Story Peter Milligan ~
Art Duncan Fegredo

Seemingly ages ago (don't expect me to be specific - I drink), I picked up a stack of old Vertigo from Oxfam in Crouch End, which has a great Comics and Graphic Novel selection - good for leftfield gems like Crisis back issues, and a tonne of Hellblazer (though I haven’t been in quite some time, so don’t quote me). Among these ramshackle pamphlets was the first issue of Girl, by Peter Milligan and Duncan Fegredo. I hadn't heard of the series before, but I'll generally give anything by Milligan a try, he's a 2000AD alumnus, a regular contributor to Crisis and one of the early pioneers of the Vertigo imprint, not to mention X-Force/X-Statix. Strangely for a writer of his calibre there are a lot of series by him which seem to have fallen by the wayside, Enigma, The Extremist, Minx... All still unreleased as trades for whatever reasons; they've only just started releasing his legendary Shade: The Changing Man run. But I digress... Suffices to say it took me a fucking age to find all three issues, a quest which ended on the faraway shores of a land called Norwich (OK, it doesn't have shores, but fuck you, this is my story).

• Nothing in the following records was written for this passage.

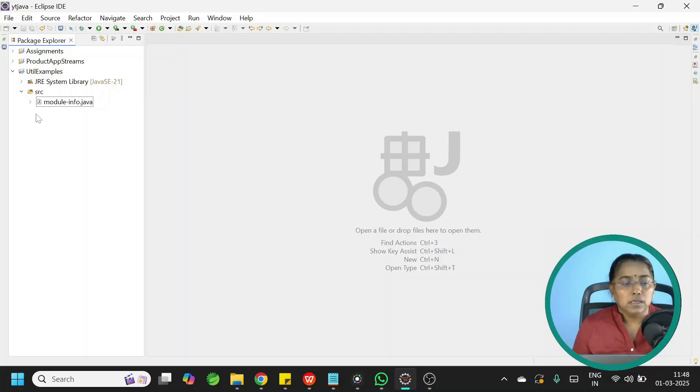In this video, let us learn how to sort the elements of a list with Comparator using lambda expressions. The domain model we will be using is Book. Let us get started.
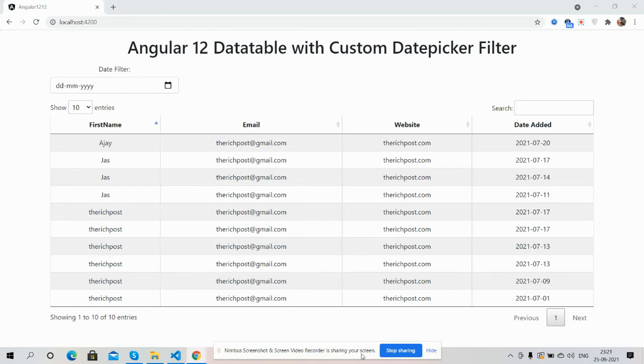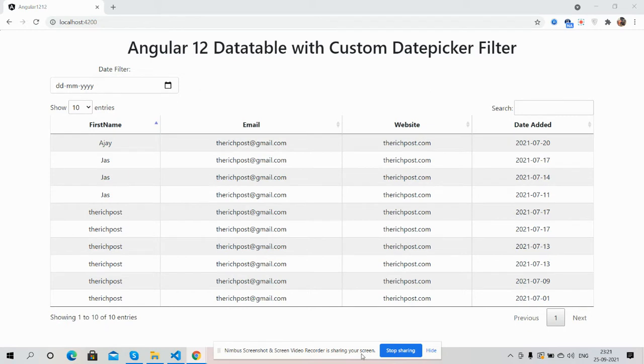Hello guys, how are you? Welcome back to my channel. I'm Ajay, hope you all are doing great. So in this video, I'm going to show you Angular 12 data tables with custom date picker filter.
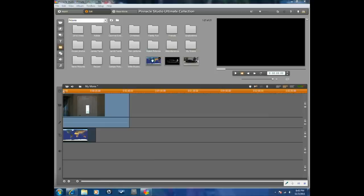Time for another tutorial from VideoEditingSoftwareGuide.com. Today we're going to do a tutorial with Boris Graffiti in Pinnacle Studio Ultimate Collection. We're going to do one on how to wrap an image or text around an image. So let's get into it.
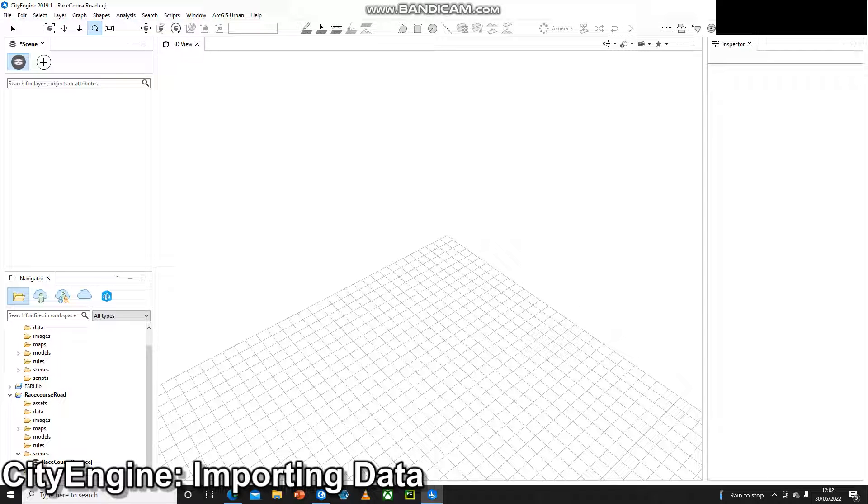Hello and welcome to another video. In the last video I set up a project and set up a scene. In this video I'm going to show you how to import some data.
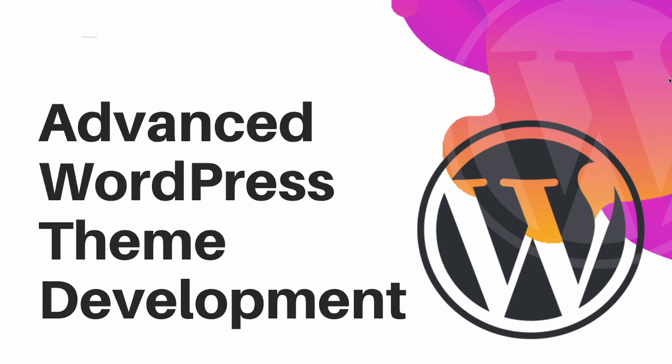Hello and welcome everyone to another episode of advanced WordPress theme development. Now before we begin further, there are a few important concepts that you need to know.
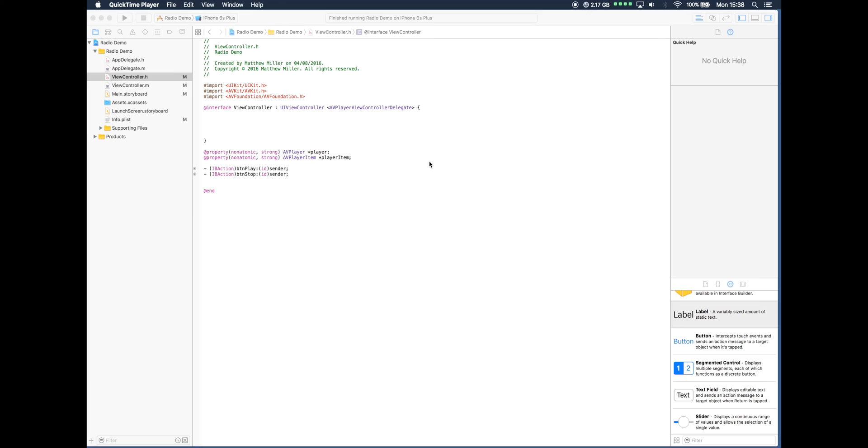Hi and welcome back to another TechMinds tutorial. Now this is part two of how to stream radio using Objective-C with iOS.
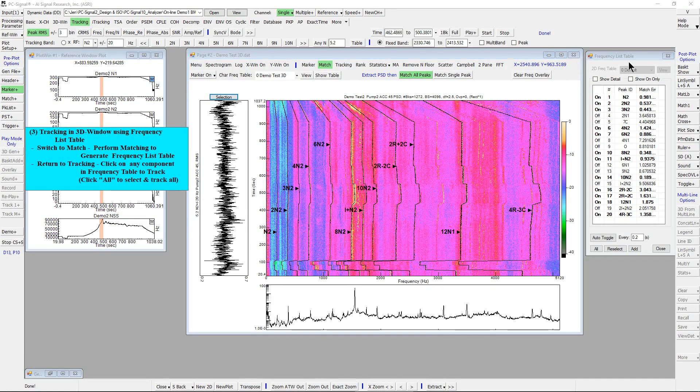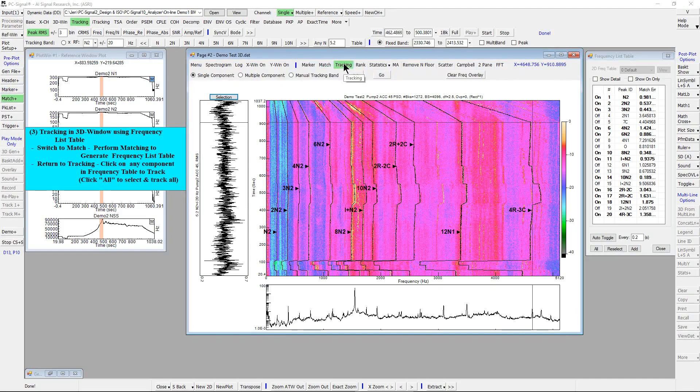Next return to tracking in 3D window and click any component in frequency table to track.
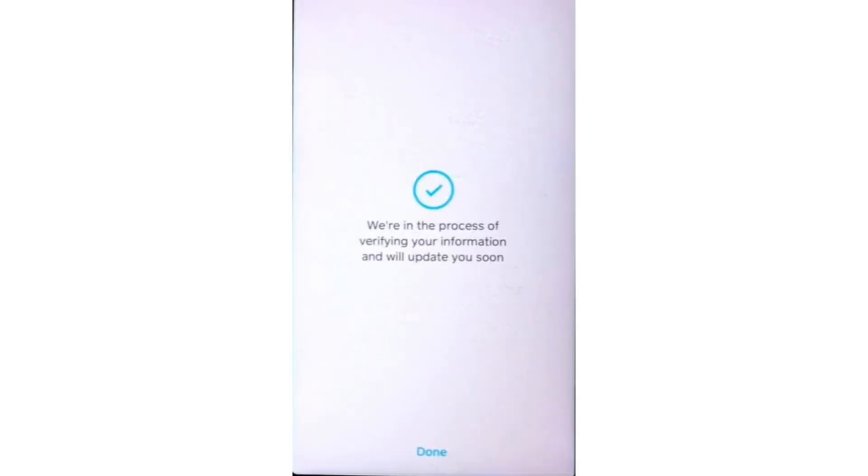Once these steps are completed, Cash App will process your information for verification. You'll see a message on the Bitcoin Wallet screen that says Verification in Progress. This process can take up to 24 hours.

Girl throws us into the shitty life of Simone, who lives in a shitty flat in a shitty tower block in a shitty Bollockstown estate, with her shitty family. Simone is not loving life; her monosyllabic parents are at best oblivious, at worst abusive, she's got no friends and she's scared of boys. Even the kids in the lift take the piss out of her.

Things start looking up for Simone when she meets Polly an almost painful reflection of what her life could be like, had she been given all the right breaks. Polly takes Simone under her wing and shows her how to drink, dance, let loose and generally grab life by the balls, so to speak. The trouble is, there's a very strong possibility that Polly is entirely fictional, and our heroine may have gone more than a little bit mental. What adds to this possibilty is the fact that a lot of tragic accidents are befalling the various people in Simone's life, people, if she's honest, Simone is not sad to see the back of...

This is a vibrant, if slightly nihilistic shotgun blast of a story, about breaking the shackles of the mundane society upon which we are thrust into by any means necessary. A satyrical, cynically hillarious... blah, blah, blah... one more paragraph... it's just really fucking good. Go find it!

Four and a bit homicidal split personalities out of a possible five.